# bild in bild suchen



## ARadauer (25. Feb 2009)

hi leute ich möchte mich nach langer zeit mal wieder mit bildverarbeitung beschäftigen.
hab das früher mal einwenig mit matlab gemacht.
konkret möchte ich ein kleines bild in einem größeren suchen. also hab ein symbol, das in einem größeren enthalten ist und ich will die postion herausfinden....
in matlab hätte ich mit korelation gearbeitet...

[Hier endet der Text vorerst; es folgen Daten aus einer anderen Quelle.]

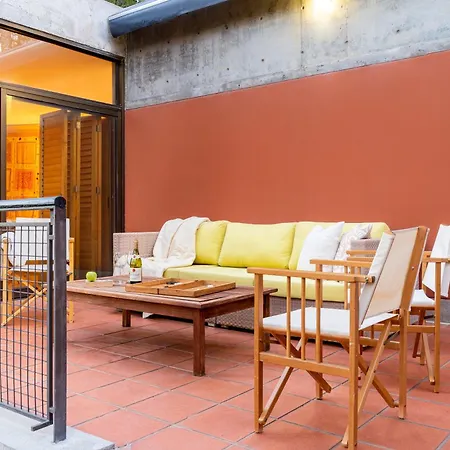 Paradise Peek, Villa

wie mach ich das am besten in java, gibt es da spezielle apis für bildverarbeitung... jemand mit sowas schon gearbeitet?

danke


----------



## ARadauer (25. Feb 2009)

hab mir jetzt imagej angesehen, aber igendwie werde ich damit nicht glücklich... kennt jemand eine gute alternative?


----------



## manuche (26. Feb 2009)

Ganz simpel aber nicht grade laufzeitfreundlich wäre es, die Pixelfarben zu vergleichen...
Ist aber wahrscheinlich nicht ganz was du suchst, oder?


----------



## Geeeee (26. Feb 2009)

Kenne es auch nur von C++ mit Korrelation "per Hand".


----------



## ARadauer (26. Feb 2009)

mhn seltsam ich dachte mir da gibt es mehr... geht mir auch um andere dinge Kantenfilter, Korrelation, Konvolution, Bereiche suchen... da es da nicht mehr bibliotheken gibt...


----------



## Geeeee (26. Feb 2009)

Vielleicht hilft dir das: http://rsbweb.nih.gov/ij/
Hab gerade mal nach Cimg (aus den C++-Tagen) ähnlichen Libs gesucht. Schaut schonmal interessant aus.
Edit: Gerade gesehen, dass es ein Programm ist, aber der Source ist ja zugänglich.


----------



## ARadauer (27. Feb 2009)

stimmt schon... das bietet genau die funktionalitäten die ich suche...
http://rsb.info.nih.gov/ij/docs/menus/process.html

mal schaun, ob ich es schaffe die teile in mein programm einzubauen...


----------